Page MenuHomeFreeBSD

Use a dedicated per-CPU stack for machine check exceptions.
ClosedPublic

Authored by jhb on Jan 17 2018, 11:24 PM.

Details

Summary

Similar to NMIs, machine check exceptions can fire at any time and are
not masked by IF. This means that machine checks can fire when the
kstack is too deep to hold a trap frame, or at critical sections in
trap handlers when a user %gs is used with a kernel %cs. Use the same
strategy used for NMIs of using a dedicated per-CPU stack configured
in IST 3. Store the CPU's pcpu pointer at the stop of the stack so
that the machine check handler can reliably find the proper value for
%gs (also borrowed from NMIs).

This should also fix a similar issue with PTI with a MC# occurring while
the CPU is executing on the trampoline stack.

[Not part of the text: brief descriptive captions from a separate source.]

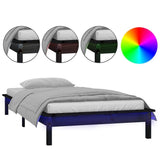 NNEVL LED Bed Frame Black 92x187 cm Single Bed Size Solid Wood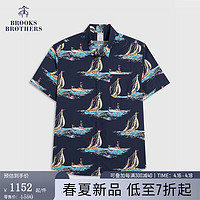 布克兄弟（BrooksBrothers）男士24春夏航海风印花棉质短袖休闲衬衫 9003-藏青色印花 XS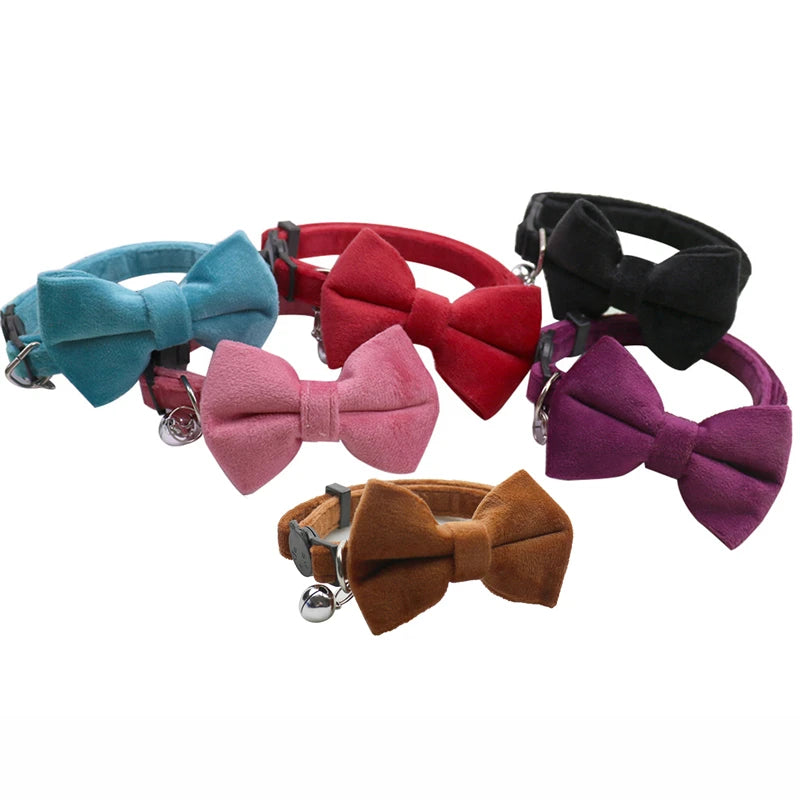 Velvet Bow-Tie Cat Collar with Bell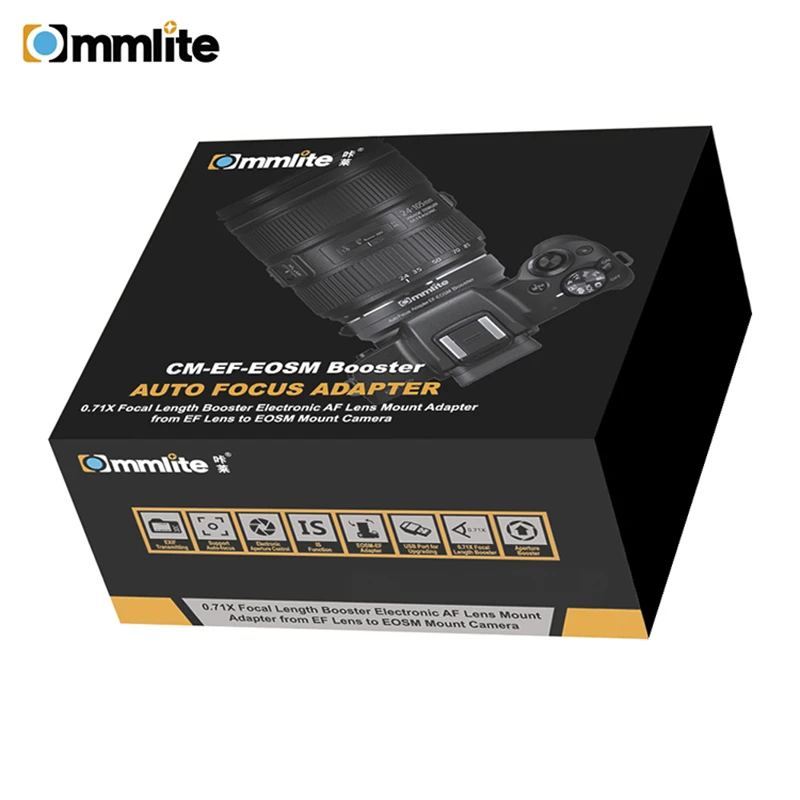 Commlite объектив адаптер EF-EOSM усилитель камеры Адаптер кольцо для Canon EF Объектив EOSM крепление M5 M6 0.71x фокусное расстояние усилитель AF
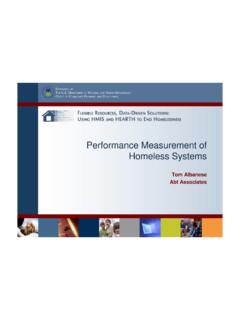 Performance Measurement of Homeless Systems - …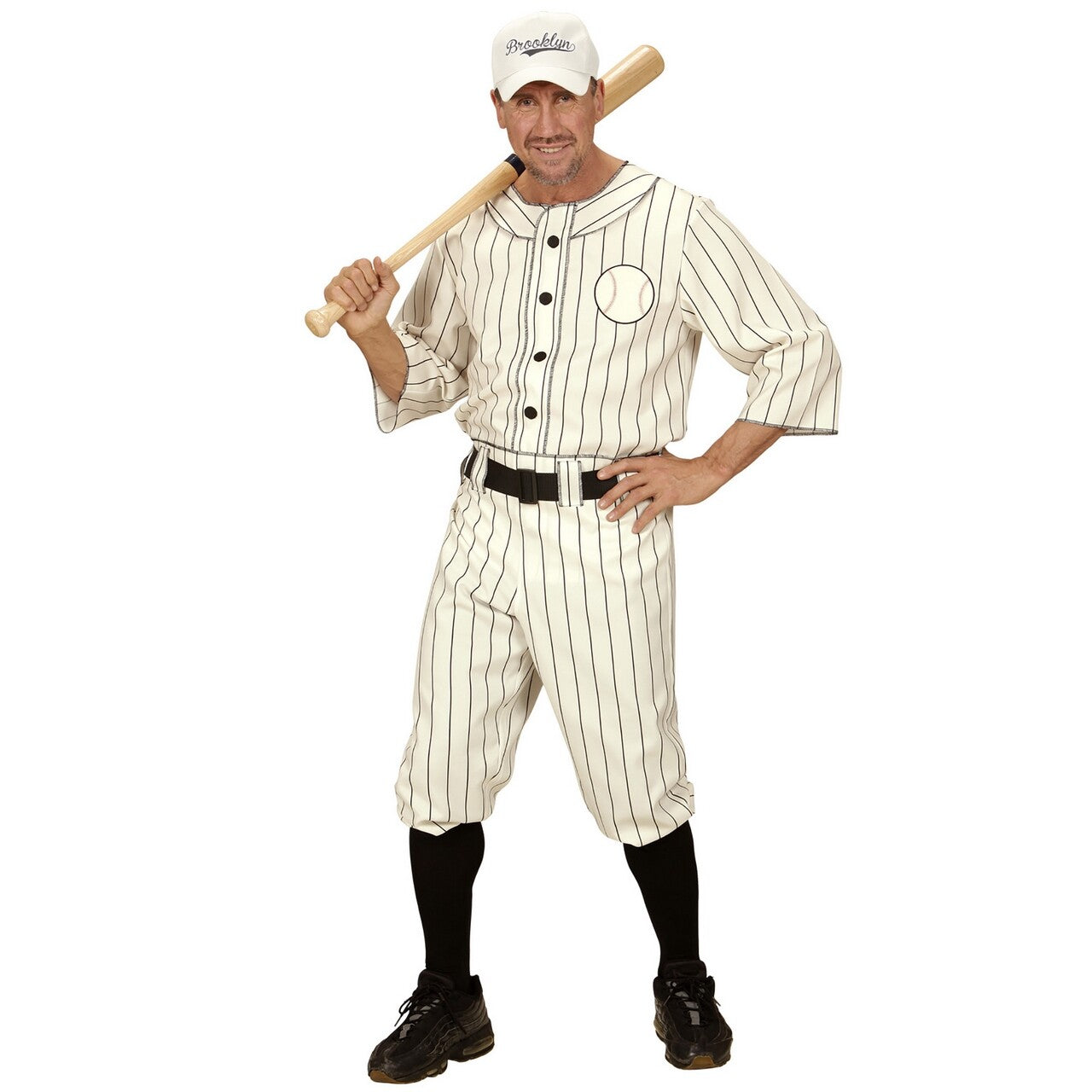 Op deze afbeelding zie je een Kostuums, van het merk Widmann. Amerikaanse Major League Honkbal Speler Man Kostuum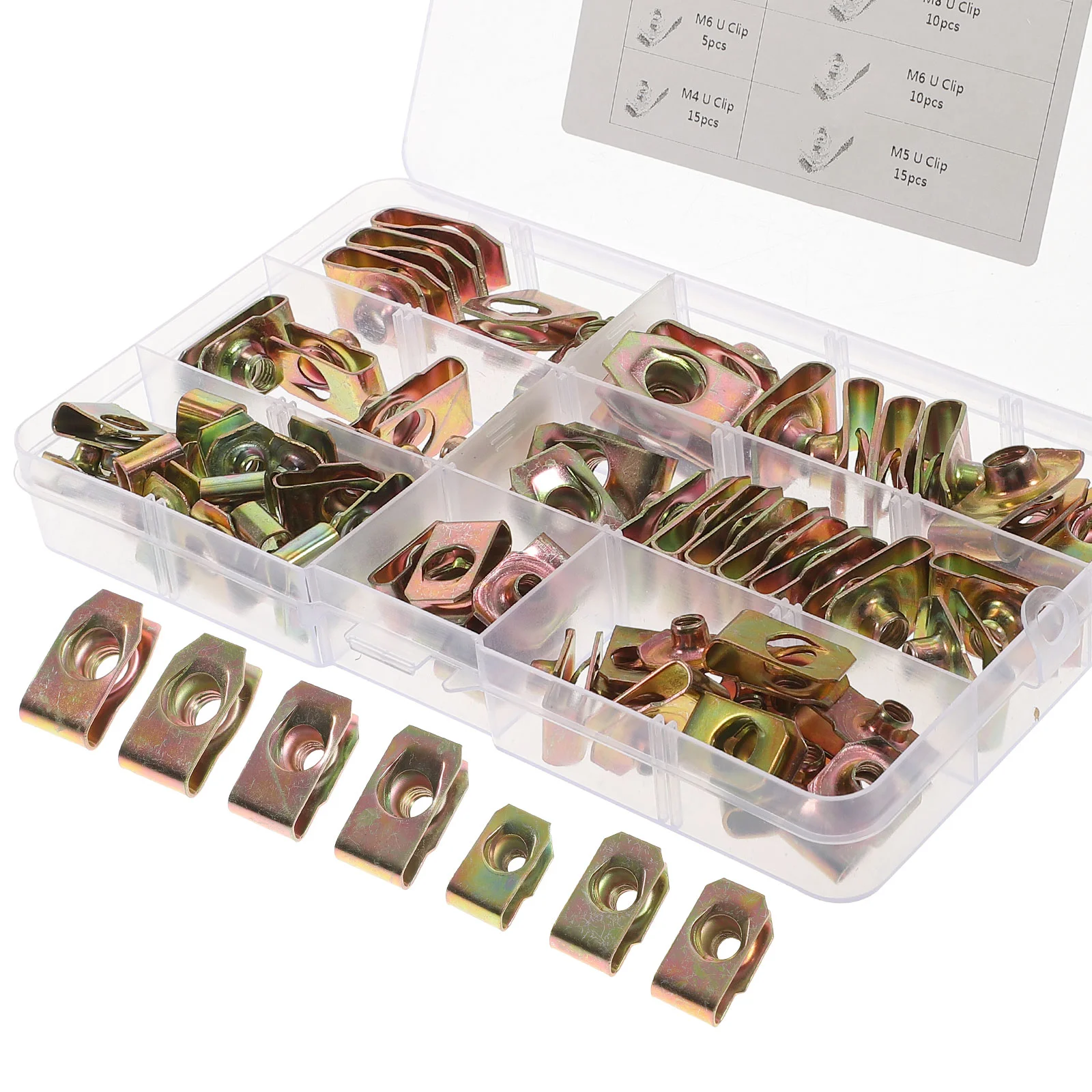 

60 Pcs Clips Cars Automotive Body Parts Automotive Screws Metal Automotive U Nut Motorcycle Repair Tool U Nut Assortment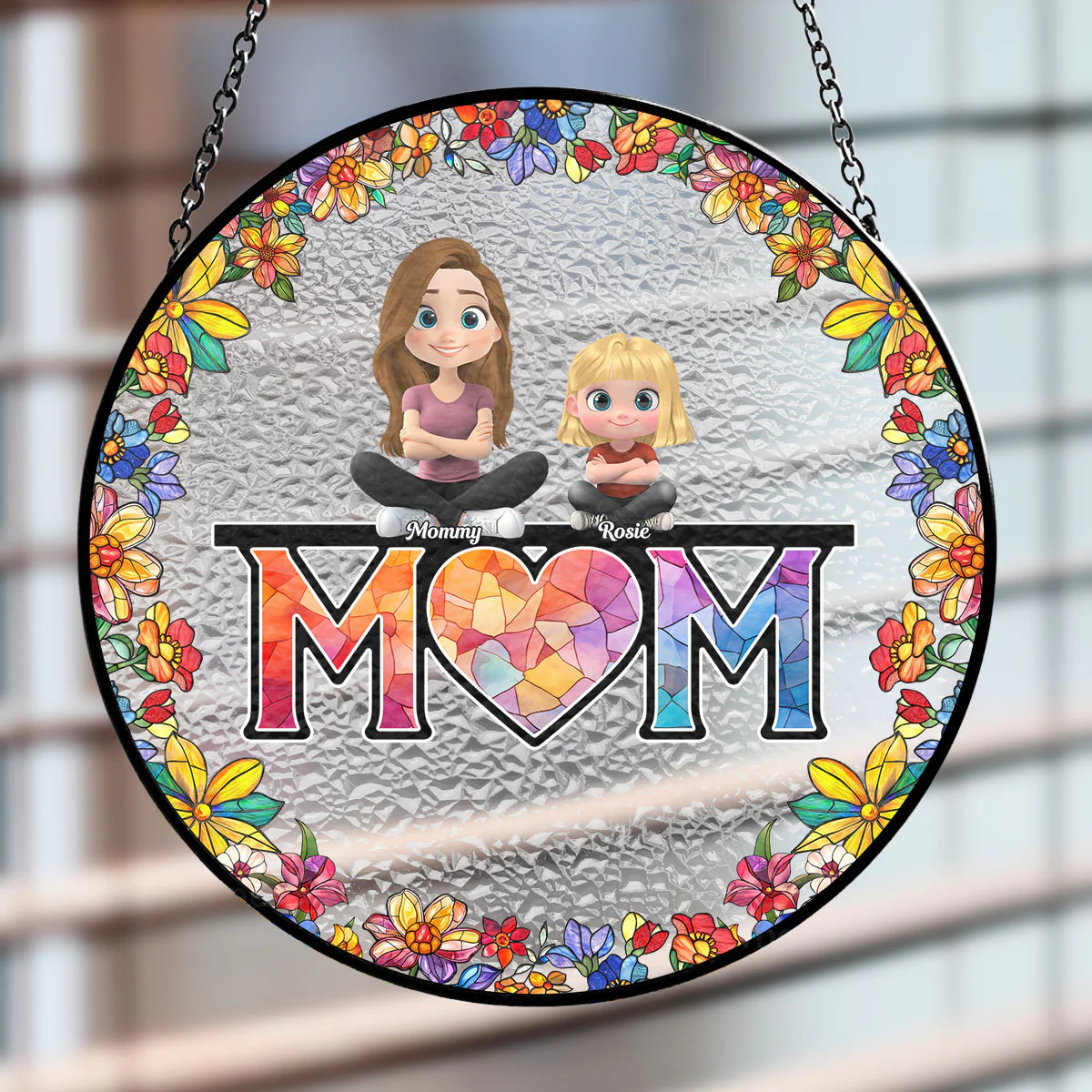 Mommy And Children - Personalized Custom Window Hanging Suncatcher - Image 2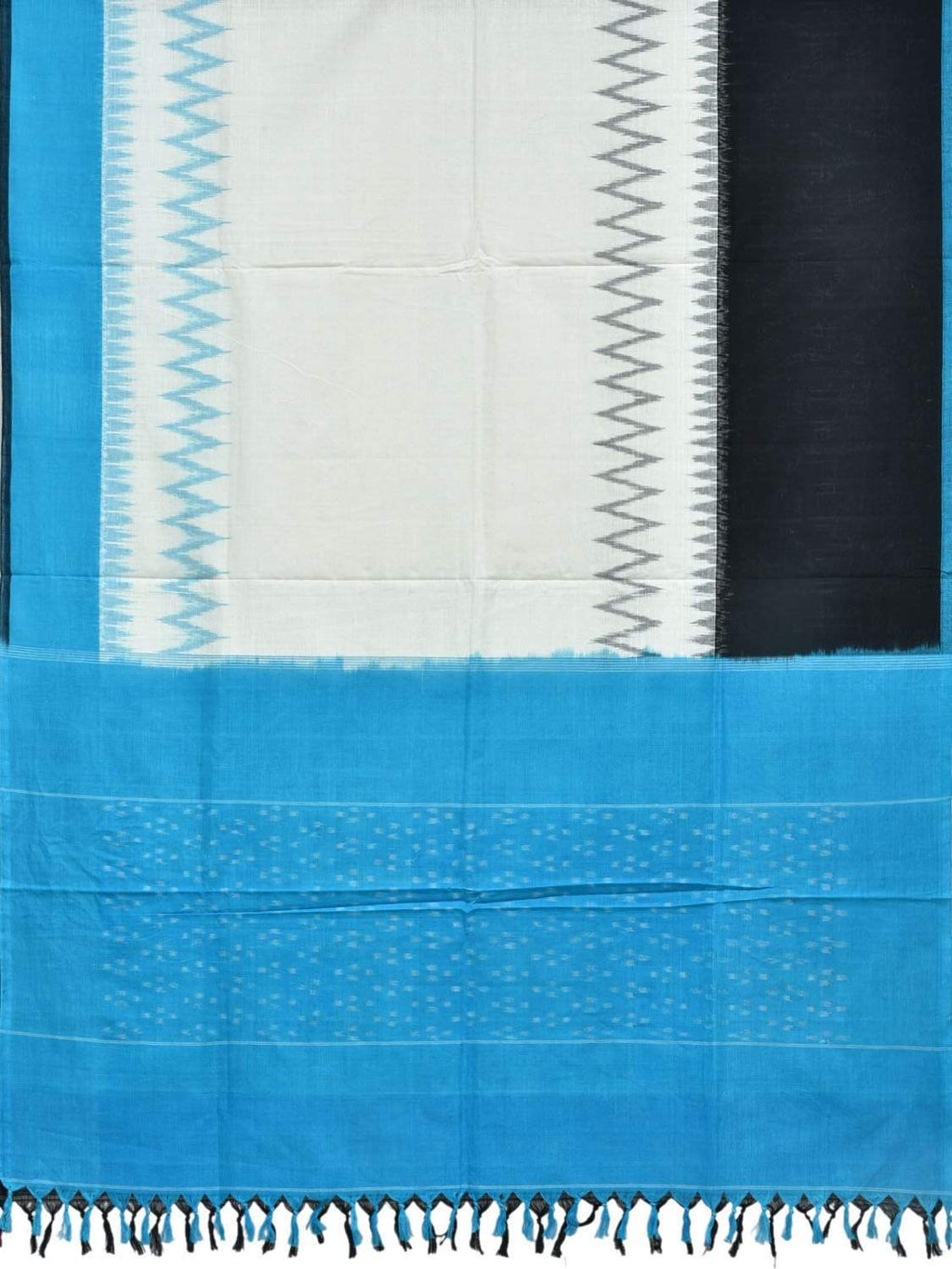 Blue and Black Pochampally Ikat Cotton Handloom Dupatta with Ganga-Jamuna Border - Global Threads | Grocsy
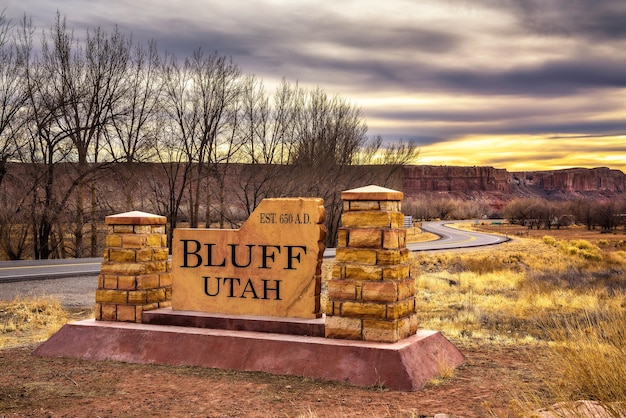 Foto welkomstbord bij bluff in utah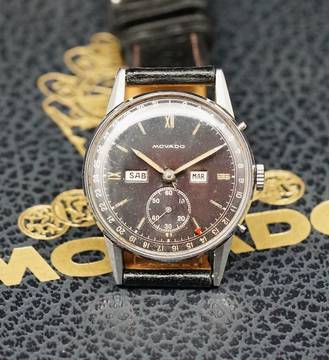 Movado Triple Date Calendar Rare Vintage Tropical Black Dial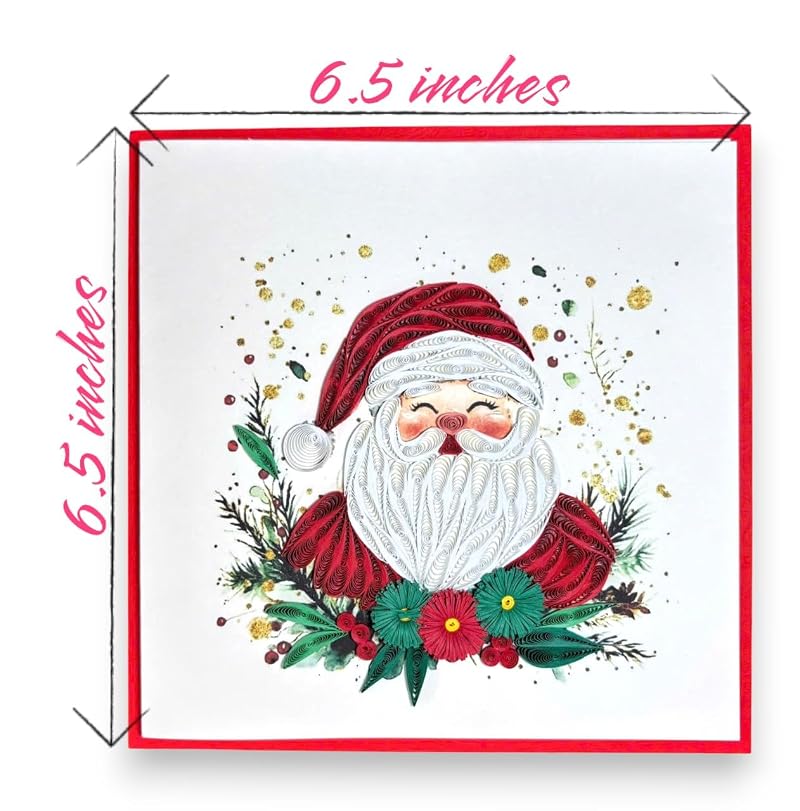 Handmade Santa 3D Quilling Christmas Card – Blank Inside, Framed Keepsake Gift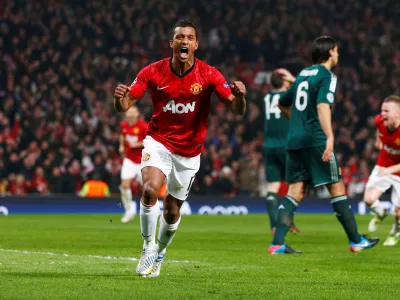 FILE PHOTO: Football - Manchester United v Real Madrid - UEFA Champions League Second Round Second Leg - Old Trafford, Manchester, England - 5/3/13  Manchester United's Nani celebrates after Real Madrid's Sergio Ramos (not in picture) scored an own goal for Manchester United's first  Mandatory Credit: Action Images / Jason Cairnduff  Livepic/File Photo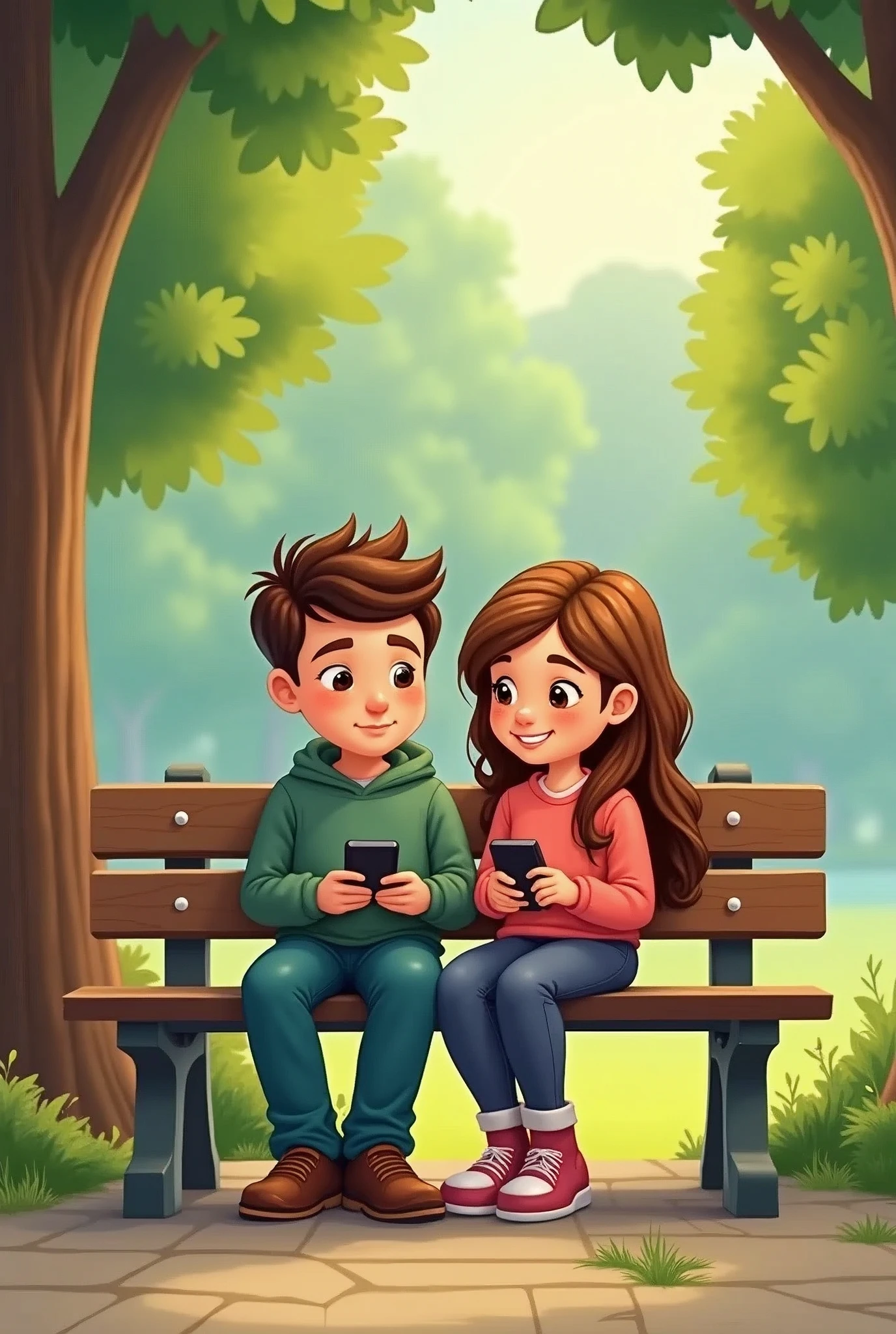  a park, Of friends, Charles and Anna, sitting on a bench. They are both looking at their phones intently. cartoonish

While here, bypass trap() entirely and just call mca_intr(). This avoids
a bogus call to kdb_reenter() (there's no reason to try to reenter kdb if
a MC# is raised).

Test Plan
  • I booted a kernel both with and without PTI, so I didn't break anything very basic, but I don't have a way to provoke an MC# to test the MC# path.

Diff Detail

Repository
rS FreeBSD src repository - subversion
Lint
Automatic diff as part of commit; lint not applicable.
Unit
Automatic diff as part of commit; unit tests not applicable.

Event Timeline

In pmap.c:pmap_pti_init(), add the ist 3 stacks to pti user mappings.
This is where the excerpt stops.